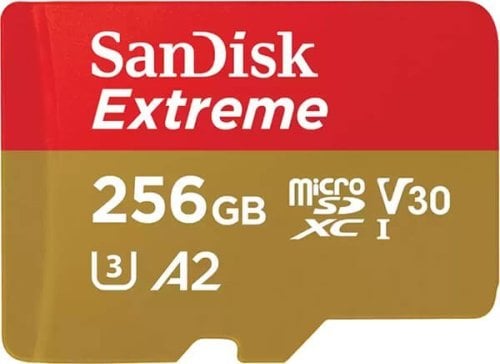 Περισσότερες πληροφορίες για "Sandisk Extreme 256GB MicroSD"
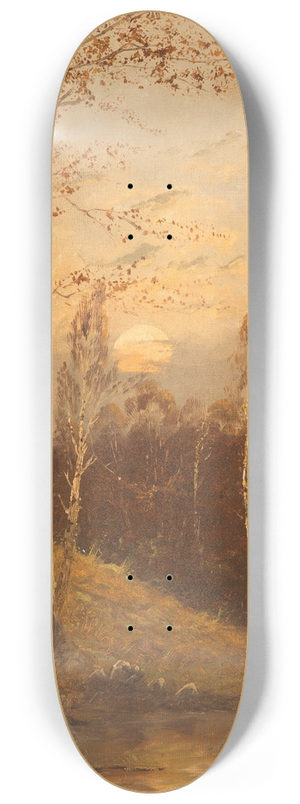 Anton Von Rdt - Birch forest in the evening 8.25 inch art skate deck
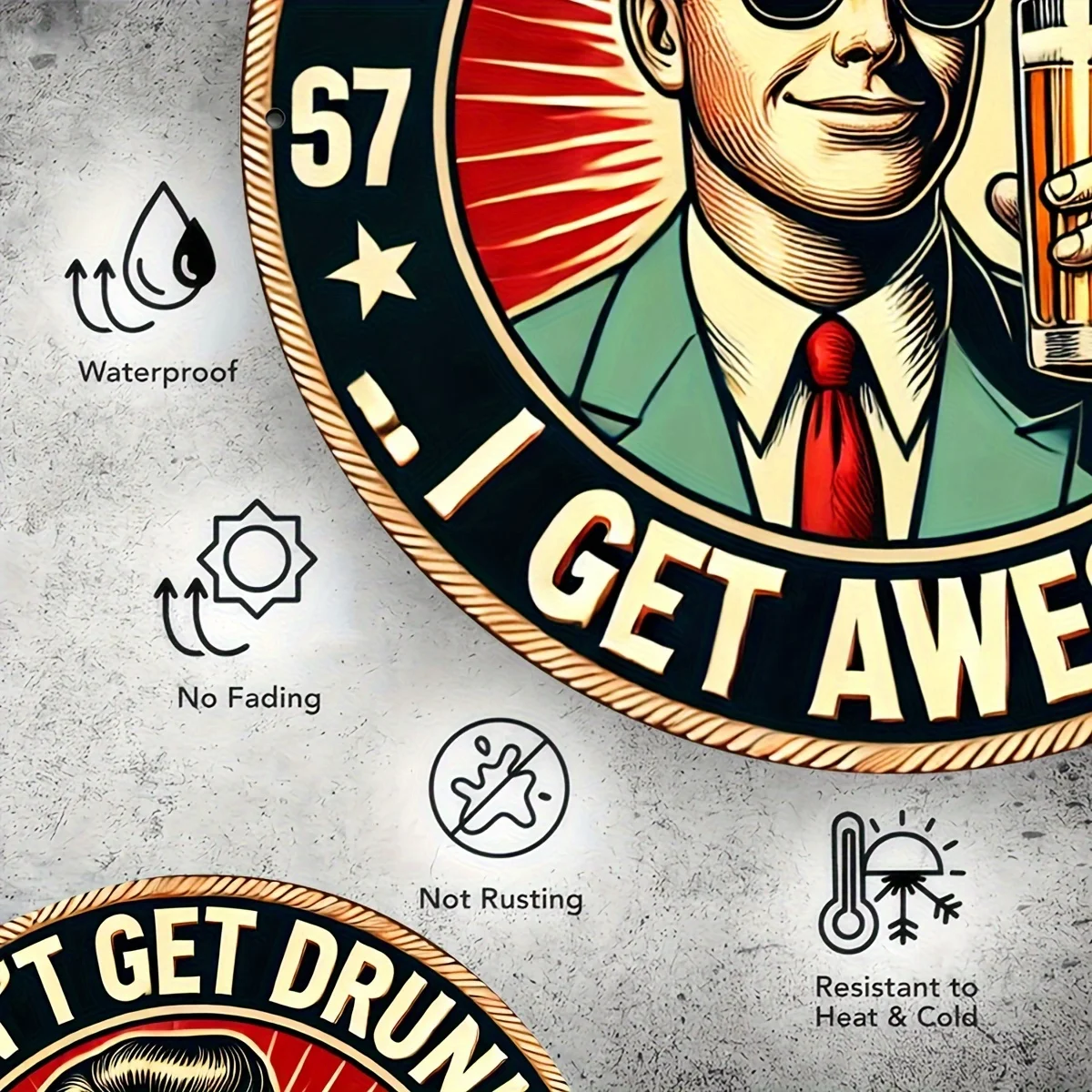 I Don't Get Drunk, I Get Aweso - Home Bar And Kitchen 评论和价格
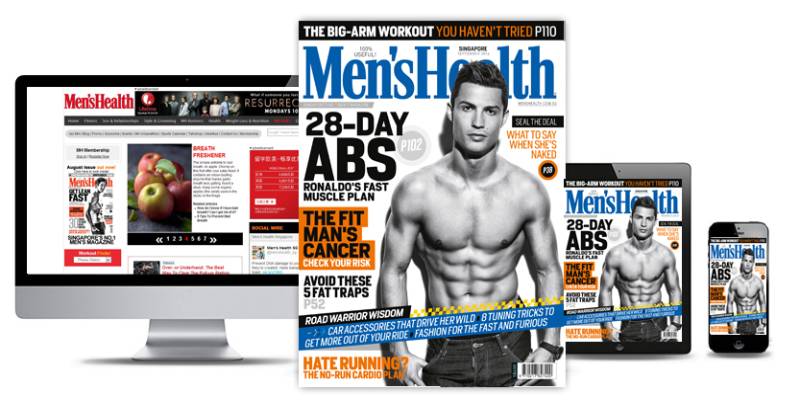 mens health profile pic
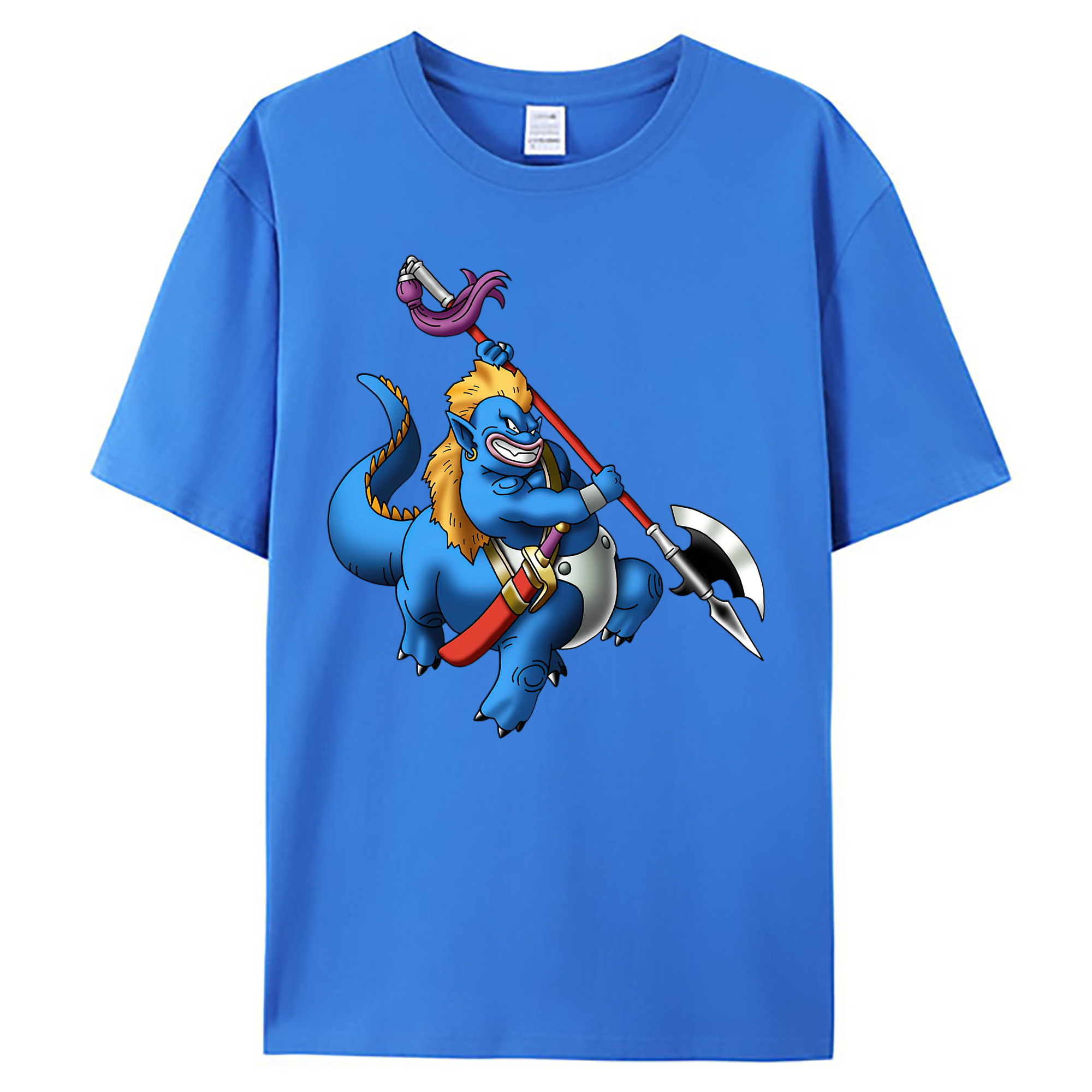 （画像用） ドラゴンクエスト Doragon Kuesuto Dragon Quest 綿100％ メンズ半袖Tシャツ｜肌触りやわらか＆通気性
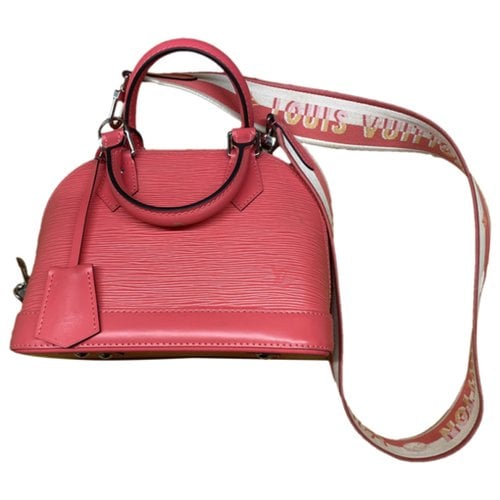 Pre-owned Louis Vuitton Alma Bb Leather Handbag In Pink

*Exercise details*:
When you reach the line that contains "mens health profile pic" in the records above, copy it and every line after it exactly through the last one, leaving out the pictures.

*Task output*:
 mens health profile pic
 （画像用） ドラゴンクエスト Doragon Kuesuto Dragon Quest 綿100％ メンズ半袖Tシャツ｜肌触りやわらか＆通気性
 Pre-owned Louis Vuitton Alma Bb Leather Handbag In Pink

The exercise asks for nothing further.